Implement Velocity Measurement
One of the challenges in agriculture is the accurate measurement of ground speed. This is required to accurately control seed and material application rates, and measure harvest efficiency. Unlike road vehicles, you cannot just measure wheel rotation, because considerable slippage is seen all the time. The state-of-the-art at that time was to use a RADAR sensor aimed at the ground at an angle, measuring the Doppler shift in the returned signal. Taking into account the trigonometry of the angle, you can accurately measure velocity with respect to the ground. However, on smooth surfaces, such as puddles and some roads, this system will experience almost-total reflection away, and no Doppler shift can be measured.

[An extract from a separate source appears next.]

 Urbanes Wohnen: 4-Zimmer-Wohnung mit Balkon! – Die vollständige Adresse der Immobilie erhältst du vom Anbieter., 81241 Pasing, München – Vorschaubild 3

Our solution was to use a colour camera, watching the terrain below the vehicle. By correlating the images in real-time, the 2-D displacement between the images can be estimated, and velocity can be accurately calculated. I obtained a patent on this innovation.
Appointed General Manager of the APT Division of Vansco
With the departure of the Conviron business, Ed and Terry Van Humbeck asked me to take on a new venture – creating the APT Division and leading it into the power utility sector.
We had been doing collaborative work with Dr. Glenn Swift and colleagues at the University of Manitoba for years, but the designs were theirs, and we found them to be difficult to build. They didn’t necessarily design for production. This would take our learning from those efforts, and create entirely new products.
I hand-picked my dream team, and they gave me all the persons I asked for, except for one – my friend Filipe, who was very busy working in the Vansco PC division. Vansco built us a new office area in the strip mall at 1253 Clarence, next to the Wire Harness Division, and we got started.
For the next 4 years, I was Chief Architect, Hardware Designer, Low Level Firmware Developer, IRIG-B Processor Developer, Product Development Manager, General Manager, and reported to the board meeting monthly. It was pretty crazy – kind of hazy now, honestly, as I worked far too hard during this time. But, did we accomplish a lot!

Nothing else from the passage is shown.